Journal of World History, vol. 23, no. 1 (2012)

SPECIAL ISSUE: GLOBAL CHINA

ARTICLES

Global China: Material Culture and Connections in World History
Anne Gerritsen and Stephen McDowall, 3

The multidisciplinary articles in this special issue were developed in conjunction with a research project on the cultures of porcelain in global history, hosted by the Global History and Culture Centre at the University of Warwick. These articles all situate porcelain within wider contexts of material and visual culture. This approach reveals the complexities of the processes involved in the appropriation of Chinese ceramics in England and Iran and in the diffusion of Chinese-style ceramics in the western Indian Ocean, and explores the ways in which ideas about Chineseness were formed, and a global visual culture on the theme of porcelain production emerged.

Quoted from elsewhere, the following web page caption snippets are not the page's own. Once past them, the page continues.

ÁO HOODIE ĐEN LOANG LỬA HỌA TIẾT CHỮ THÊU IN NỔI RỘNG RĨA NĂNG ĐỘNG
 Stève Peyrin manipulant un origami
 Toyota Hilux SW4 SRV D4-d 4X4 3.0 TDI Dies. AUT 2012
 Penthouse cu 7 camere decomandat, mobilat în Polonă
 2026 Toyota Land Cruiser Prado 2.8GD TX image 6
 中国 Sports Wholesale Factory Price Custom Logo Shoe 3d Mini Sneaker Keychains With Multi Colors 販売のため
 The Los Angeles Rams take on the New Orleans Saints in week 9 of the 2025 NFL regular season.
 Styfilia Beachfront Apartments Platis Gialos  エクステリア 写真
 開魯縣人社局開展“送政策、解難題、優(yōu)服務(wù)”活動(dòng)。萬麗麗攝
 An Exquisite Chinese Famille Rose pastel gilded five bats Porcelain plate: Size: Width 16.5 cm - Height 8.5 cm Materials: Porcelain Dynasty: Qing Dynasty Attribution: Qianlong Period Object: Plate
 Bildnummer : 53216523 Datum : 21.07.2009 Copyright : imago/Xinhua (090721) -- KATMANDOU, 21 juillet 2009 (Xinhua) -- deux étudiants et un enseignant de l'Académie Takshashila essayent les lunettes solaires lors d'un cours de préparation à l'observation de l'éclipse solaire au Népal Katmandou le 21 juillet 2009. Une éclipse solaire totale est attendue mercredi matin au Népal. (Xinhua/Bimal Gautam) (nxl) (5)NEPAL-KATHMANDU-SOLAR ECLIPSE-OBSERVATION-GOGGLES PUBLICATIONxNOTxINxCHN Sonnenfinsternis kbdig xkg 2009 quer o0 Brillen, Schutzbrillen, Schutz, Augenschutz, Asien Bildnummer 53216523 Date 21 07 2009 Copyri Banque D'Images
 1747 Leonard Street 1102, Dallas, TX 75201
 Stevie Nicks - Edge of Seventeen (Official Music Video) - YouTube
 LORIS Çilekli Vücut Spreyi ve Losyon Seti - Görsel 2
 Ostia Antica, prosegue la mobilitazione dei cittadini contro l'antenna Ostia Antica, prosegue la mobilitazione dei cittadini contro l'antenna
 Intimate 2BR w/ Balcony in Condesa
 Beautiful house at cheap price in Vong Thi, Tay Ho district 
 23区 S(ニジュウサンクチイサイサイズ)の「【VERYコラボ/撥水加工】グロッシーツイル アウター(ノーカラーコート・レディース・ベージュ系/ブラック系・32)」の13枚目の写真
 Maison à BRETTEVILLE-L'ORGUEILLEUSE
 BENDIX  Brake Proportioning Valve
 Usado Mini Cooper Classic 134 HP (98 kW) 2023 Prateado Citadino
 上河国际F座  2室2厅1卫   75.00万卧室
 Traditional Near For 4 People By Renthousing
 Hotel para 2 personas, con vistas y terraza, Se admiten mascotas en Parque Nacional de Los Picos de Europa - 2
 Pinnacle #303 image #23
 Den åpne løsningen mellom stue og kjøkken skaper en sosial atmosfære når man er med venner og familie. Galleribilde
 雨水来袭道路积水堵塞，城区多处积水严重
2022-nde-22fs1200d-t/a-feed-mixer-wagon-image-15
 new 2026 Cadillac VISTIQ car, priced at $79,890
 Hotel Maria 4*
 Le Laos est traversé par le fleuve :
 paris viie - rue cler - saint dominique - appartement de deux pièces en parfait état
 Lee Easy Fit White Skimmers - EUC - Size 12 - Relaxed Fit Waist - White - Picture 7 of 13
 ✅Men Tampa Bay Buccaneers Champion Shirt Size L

The Movement of Chinese Ceramics: Appropriation in Global History
Stacey Pierson, 9

The subject of Chinese export ceramics has recently moved beyond the traditional confines of art history into the purview of economic and world history. In consequence, Chinese porcelain in particular is increasingly being used as a model for studies of global connections in history and economics, with reference to both exchange networks and consumer cultures. The perspective of these studies is somewhat one-dimensional and universalizing, however. This article seeks to reconsider the current state of affairs by presenting two case studies from sixteenth- and seventeenth-century England and Iran, which demonstrate that while the dissemination of Chinese porcelain may have been global, its impact was local.

Global Trade and Swahili Cosmopolitan Material Culture: Chinese-Style Ceramic Shards from Sanje ya Kati and Songo Mnara (Kilwa, Tanzania)
Bing Zhao, 41

This article deals with Chinese-style ceramic shards recently excavated from Songo Mnara and Sanje ya Kati, two insular medieval stonetown sites in Kilwa Bay, Tanzania. The author argues for a regional approach that better accommodates the complexity and particularity of the diffusion and consumption of Chinese ceramics in what is considered a semi-periphery within the Indian Ocean world-system. The article presents a critical synthesis of a number of existing studies, and explores the evaluative potential of density and comparisons with larger-volume regional commodities as tools of analysis for Chinese-style ceramic diffusion in the western Indian Ocean.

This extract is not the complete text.